___ Data provided ___

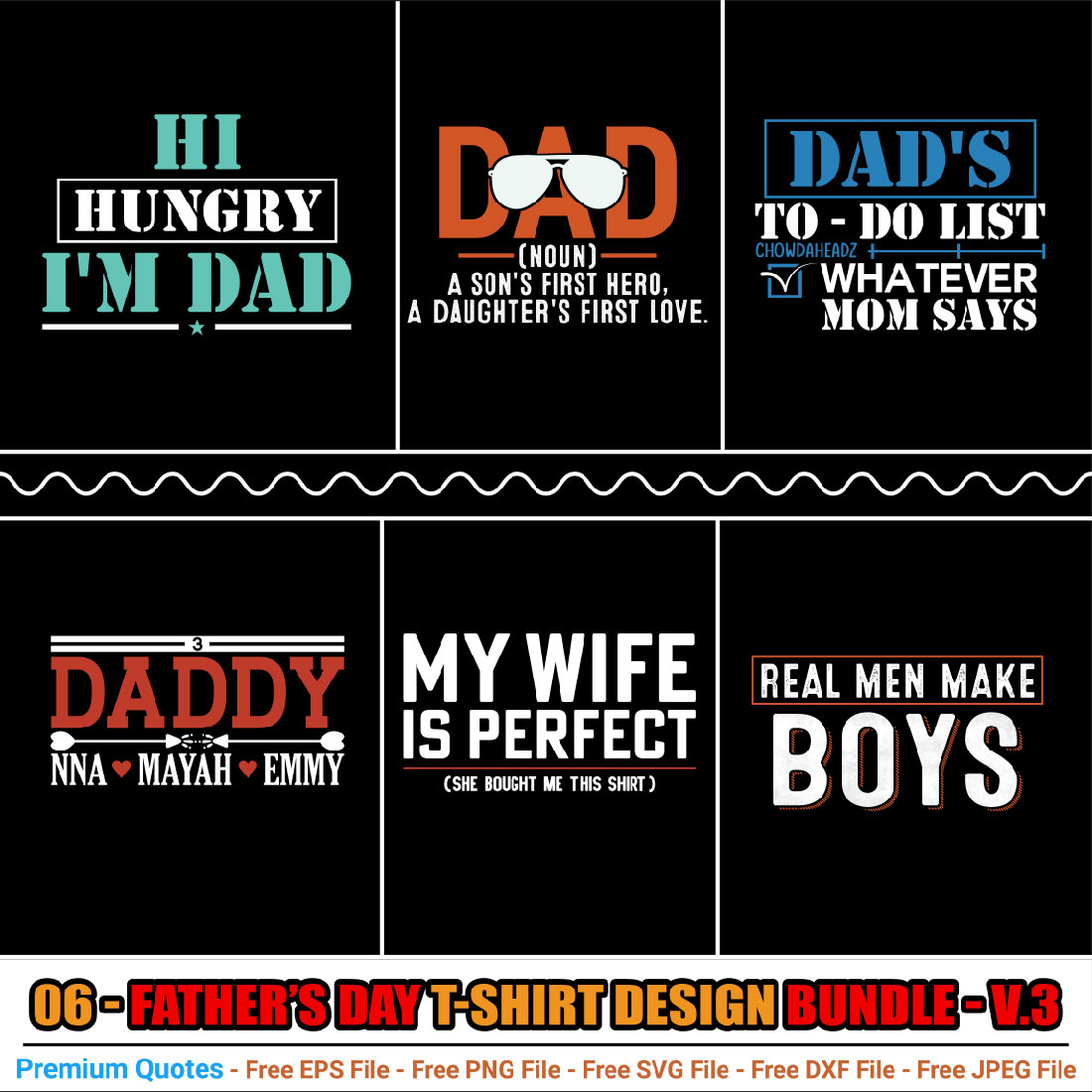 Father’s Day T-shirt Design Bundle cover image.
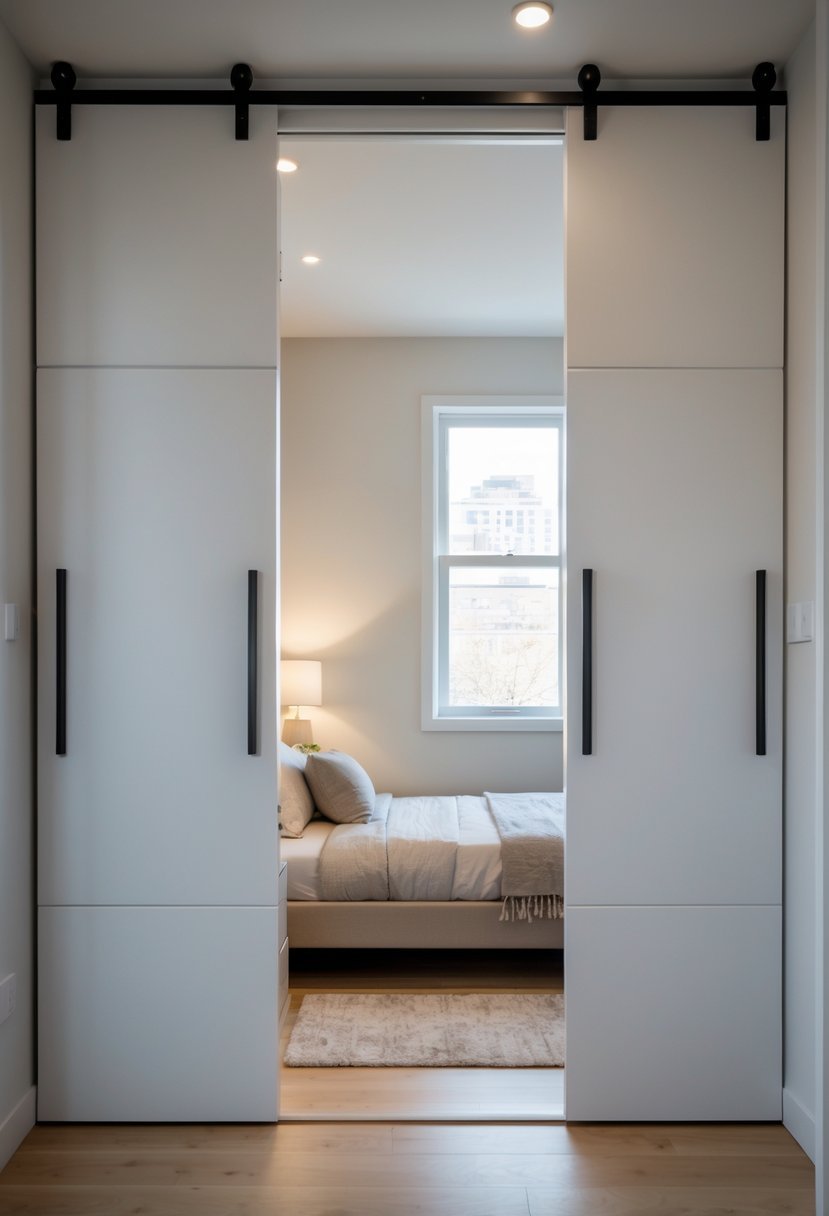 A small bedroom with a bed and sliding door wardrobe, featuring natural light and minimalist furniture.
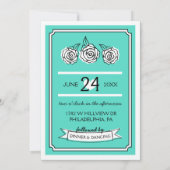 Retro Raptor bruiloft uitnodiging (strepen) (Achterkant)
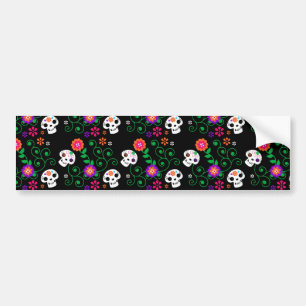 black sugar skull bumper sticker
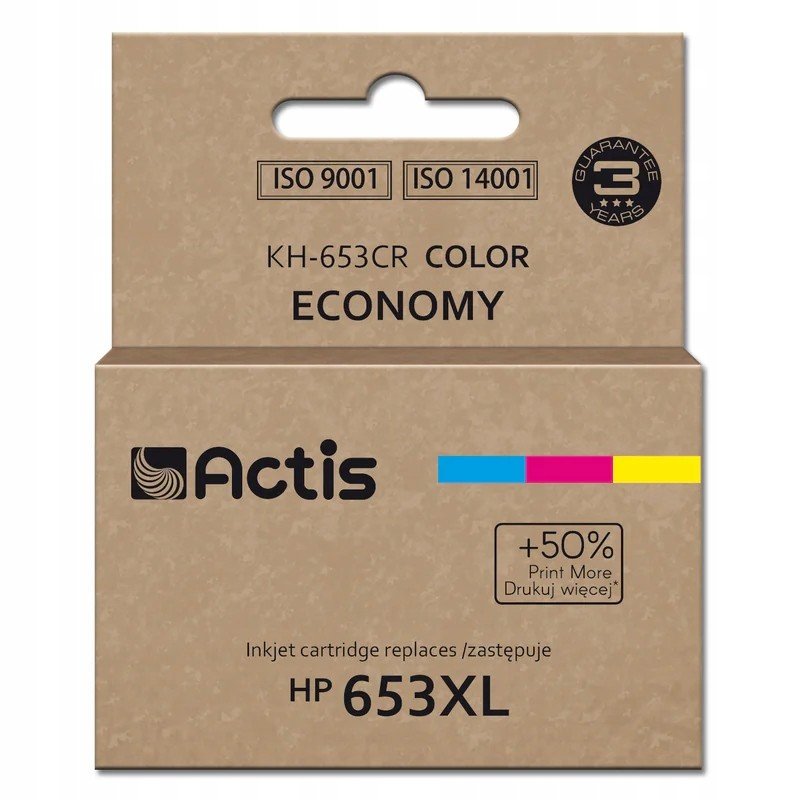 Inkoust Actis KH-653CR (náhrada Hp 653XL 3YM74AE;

___

Your instructions >> Word for word, retype the lines from the one that contains "Retro Raptor bruiloft" through the final line of the data, both ends included, excluding pictures.

Your solution >>
 Retro Raptor bruiloft uitnodiging (strepen) (Achterkant)
 black sugar skull bumper sticker
 Inkoust Actis KH-653CR (náhrada Hp 653XL 3YM74AE;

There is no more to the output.